§ **GIVEN DATA**
============================================================

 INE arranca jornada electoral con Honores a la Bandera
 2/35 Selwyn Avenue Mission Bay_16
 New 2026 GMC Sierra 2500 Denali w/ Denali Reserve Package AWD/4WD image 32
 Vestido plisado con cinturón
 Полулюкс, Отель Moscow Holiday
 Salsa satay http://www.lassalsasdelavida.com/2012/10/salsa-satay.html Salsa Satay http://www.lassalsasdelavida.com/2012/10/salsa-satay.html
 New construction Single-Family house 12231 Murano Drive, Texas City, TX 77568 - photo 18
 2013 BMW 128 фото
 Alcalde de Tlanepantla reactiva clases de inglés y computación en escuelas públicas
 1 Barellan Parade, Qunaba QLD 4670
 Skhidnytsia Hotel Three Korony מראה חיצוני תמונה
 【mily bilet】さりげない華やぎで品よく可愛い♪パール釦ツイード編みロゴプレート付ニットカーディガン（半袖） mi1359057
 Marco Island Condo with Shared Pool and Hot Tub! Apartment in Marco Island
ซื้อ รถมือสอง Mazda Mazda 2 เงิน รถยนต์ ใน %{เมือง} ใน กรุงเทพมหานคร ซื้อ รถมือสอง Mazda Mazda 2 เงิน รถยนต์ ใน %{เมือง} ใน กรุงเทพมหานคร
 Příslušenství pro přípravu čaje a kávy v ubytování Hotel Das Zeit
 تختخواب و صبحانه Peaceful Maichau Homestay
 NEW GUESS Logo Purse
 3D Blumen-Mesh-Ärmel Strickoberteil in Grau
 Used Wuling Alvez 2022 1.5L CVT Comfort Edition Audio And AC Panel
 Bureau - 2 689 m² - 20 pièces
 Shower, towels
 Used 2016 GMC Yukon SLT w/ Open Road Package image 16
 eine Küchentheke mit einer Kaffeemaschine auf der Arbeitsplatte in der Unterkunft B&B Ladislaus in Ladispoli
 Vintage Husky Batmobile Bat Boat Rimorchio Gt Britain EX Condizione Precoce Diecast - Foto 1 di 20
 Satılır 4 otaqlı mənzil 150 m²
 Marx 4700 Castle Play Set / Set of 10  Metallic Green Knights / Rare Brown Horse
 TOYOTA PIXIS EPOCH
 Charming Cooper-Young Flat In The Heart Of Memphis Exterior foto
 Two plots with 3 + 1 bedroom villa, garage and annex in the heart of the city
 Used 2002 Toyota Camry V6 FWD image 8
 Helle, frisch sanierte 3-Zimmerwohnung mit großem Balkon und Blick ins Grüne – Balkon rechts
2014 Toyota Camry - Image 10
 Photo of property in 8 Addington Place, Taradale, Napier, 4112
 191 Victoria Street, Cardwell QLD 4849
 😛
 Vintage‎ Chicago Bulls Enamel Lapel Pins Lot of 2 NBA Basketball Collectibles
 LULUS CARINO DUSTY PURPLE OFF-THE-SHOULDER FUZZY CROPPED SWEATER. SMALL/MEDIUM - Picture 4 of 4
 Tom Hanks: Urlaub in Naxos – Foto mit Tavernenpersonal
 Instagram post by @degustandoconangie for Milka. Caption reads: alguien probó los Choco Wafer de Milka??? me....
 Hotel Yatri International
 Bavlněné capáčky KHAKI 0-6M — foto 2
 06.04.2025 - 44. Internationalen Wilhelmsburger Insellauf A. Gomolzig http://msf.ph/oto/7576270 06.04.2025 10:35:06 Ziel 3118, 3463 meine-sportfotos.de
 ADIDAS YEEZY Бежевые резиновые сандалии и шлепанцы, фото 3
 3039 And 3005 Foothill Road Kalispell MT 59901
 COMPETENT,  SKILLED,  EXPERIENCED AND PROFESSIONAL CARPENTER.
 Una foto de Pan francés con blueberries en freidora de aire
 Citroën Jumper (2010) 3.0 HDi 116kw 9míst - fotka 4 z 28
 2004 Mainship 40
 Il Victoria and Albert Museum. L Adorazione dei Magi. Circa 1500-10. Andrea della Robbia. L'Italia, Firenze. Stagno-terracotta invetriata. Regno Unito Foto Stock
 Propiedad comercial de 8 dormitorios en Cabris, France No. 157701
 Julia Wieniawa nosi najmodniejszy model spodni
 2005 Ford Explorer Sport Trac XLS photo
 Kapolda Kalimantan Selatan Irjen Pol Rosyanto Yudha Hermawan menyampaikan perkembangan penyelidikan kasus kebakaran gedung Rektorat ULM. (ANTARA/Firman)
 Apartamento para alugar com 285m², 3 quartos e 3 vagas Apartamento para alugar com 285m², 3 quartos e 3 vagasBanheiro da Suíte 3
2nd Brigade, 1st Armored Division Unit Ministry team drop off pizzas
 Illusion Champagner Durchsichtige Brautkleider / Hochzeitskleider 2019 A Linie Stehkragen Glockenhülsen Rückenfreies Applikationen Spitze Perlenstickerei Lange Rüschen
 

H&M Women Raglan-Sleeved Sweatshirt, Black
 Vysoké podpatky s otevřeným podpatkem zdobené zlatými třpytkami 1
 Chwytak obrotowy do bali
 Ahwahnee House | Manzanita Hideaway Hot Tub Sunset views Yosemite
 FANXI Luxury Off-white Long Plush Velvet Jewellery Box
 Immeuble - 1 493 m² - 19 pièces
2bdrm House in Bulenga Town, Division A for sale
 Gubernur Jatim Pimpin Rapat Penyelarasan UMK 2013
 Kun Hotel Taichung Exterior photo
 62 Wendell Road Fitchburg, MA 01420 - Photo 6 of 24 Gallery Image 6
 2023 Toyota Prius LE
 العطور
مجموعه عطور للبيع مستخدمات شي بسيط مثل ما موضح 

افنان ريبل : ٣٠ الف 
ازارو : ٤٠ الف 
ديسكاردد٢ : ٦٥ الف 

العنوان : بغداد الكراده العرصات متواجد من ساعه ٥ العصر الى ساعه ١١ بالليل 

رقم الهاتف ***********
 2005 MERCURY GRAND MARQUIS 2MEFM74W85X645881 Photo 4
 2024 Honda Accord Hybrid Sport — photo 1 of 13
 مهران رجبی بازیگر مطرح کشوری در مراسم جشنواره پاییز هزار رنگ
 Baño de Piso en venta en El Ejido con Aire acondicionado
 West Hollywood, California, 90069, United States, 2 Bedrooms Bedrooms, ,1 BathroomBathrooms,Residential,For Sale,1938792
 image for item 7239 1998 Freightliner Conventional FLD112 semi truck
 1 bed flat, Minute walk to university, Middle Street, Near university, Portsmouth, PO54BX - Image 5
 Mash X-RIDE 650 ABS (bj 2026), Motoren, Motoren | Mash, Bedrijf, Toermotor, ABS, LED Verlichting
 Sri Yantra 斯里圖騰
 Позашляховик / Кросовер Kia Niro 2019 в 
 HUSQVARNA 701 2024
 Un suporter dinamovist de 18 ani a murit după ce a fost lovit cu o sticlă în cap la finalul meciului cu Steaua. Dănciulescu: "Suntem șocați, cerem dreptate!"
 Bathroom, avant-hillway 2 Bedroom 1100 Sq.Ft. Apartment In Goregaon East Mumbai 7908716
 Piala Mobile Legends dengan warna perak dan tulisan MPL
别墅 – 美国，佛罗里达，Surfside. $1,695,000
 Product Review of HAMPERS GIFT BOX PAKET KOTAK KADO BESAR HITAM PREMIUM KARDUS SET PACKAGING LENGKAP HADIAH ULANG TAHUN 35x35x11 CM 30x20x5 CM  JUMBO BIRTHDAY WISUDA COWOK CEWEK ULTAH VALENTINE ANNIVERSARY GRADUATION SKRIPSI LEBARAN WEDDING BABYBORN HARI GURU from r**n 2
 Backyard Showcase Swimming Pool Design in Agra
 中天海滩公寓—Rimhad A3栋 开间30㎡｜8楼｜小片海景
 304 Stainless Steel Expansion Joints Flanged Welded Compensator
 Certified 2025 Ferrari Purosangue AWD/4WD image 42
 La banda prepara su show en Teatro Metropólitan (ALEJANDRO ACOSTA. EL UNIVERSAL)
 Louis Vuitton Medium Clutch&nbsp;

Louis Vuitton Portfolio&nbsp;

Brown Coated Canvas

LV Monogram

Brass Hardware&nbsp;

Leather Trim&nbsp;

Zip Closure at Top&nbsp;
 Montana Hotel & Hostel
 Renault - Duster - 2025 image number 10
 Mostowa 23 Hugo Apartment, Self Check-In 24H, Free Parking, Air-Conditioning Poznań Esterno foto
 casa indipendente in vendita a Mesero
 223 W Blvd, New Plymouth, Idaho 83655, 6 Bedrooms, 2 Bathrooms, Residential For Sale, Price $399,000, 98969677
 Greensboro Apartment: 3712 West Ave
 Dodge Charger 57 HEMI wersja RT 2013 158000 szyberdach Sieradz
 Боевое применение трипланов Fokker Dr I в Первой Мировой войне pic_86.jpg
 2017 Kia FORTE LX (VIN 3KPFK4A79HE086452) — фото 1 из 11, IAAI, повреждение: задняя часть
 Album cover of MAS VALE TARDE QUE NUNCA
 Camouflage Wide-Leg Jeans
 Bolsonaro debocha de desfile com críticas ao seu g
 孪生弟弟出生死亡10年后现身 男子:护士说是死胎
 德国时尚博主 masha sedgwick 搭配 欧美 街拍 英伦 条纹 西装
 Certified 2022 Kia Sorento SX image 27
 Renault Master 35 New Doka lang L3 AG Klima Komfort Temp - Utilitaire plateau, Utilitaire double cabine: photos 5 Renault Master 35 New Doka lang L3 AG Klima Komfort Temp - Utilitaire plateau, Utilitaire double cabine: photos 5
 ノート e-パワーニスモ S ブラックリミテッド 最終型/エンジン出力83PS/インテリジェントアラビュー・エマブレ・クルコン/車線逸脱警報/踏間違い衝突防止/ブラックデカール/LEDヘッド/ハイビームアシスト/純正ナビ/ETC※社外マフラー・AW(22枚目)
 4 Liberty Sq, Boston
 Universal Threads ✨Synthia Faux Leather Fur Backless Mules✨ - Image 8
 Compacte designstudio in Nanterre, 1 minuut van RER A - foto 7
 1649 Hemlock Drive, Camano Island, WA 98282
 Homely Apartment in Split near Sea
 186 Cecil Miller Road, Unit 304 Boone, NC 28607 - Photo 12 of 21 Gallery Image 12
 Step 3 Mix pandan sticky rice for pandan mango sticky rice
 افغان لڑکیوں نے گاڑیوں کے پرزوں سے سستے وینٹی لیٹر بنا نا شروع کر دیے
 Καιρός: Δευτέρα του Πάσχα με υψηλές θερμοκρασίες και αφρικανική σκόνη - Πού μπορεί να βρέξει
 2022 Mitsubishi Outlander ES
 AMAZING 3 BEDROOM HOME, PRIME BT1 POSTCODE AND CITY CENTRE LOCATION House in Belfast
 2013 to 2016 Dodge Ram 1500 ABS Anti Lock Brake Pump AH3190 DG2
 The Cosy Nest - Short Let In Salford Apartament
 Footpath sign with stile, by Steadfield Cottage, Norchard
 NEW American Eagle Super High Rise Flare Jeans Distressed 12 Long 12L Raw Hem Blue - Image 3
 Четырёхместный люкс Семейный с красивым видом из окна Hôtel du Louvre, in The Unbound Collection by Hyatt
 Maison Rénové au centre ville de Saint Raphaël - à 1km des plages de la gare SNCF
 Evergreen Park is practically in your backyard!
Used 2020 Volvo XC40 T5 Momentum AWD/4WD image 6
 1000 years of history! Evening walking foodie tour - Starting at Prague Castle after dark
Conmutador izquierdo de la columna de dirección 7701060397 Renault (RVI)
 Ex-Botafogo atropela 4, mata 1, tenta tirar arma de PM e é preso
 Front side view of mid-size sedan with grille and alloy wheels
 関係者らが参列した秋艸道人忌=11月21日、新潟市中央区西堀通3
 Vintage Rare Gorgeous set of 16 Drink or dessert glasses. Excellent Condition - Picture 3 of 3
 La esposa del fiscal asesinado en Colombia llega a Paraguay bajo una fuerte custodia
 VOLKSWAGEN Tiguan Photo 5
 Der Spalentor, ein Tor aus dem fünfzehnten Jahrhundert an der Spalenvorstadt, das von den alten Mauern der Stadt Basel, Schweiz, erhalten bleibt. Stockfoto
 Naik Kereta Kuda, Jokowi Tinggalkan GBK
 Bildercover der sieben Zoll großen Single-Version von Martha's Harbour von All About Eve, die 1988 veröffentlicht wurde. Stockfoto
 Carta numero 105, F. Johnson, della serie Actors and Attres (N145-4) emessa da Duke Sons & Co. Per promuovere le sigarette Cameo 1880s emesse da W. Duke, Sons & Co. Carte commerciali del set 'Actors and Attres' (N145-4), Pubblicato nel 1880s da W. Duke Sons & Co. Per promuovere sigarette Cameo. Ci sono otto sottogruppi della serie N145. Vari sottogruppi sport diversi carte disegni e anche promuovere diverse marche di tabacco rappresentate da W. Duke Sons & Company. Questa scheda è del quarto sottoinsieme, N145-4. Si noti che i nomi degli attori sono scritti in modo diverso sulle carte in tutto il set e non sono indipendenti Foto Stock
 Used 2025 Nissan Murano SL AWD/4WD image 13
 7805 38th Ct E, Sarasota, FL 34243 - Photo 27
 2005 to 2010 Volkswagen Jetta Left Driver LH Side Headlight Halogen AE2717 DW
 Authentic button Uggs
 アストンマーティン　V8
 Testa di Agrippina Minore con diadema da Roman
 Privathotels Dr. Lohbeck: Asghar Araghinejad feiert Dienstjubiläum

============================================================

§ **WHAT TO PRODUCE**
In the listing above, find the lines holding the word "Used" and copy them.

§ **EXPECTED OUTPUT**
 Used Wuling Alvez 2022 1.5L CVT Comfort Edition Audio And AC Panel
 Used 2016 GMC Yukon SLT w/ Open Road Package image 16
 Used 2002 Toyota Camry V6 FWD image 8
Used 2020 Volvo XC40 T5 Momentum AWD/4WD image 6
 Used 2025 Nissan Murano SL AWD/4WD image 13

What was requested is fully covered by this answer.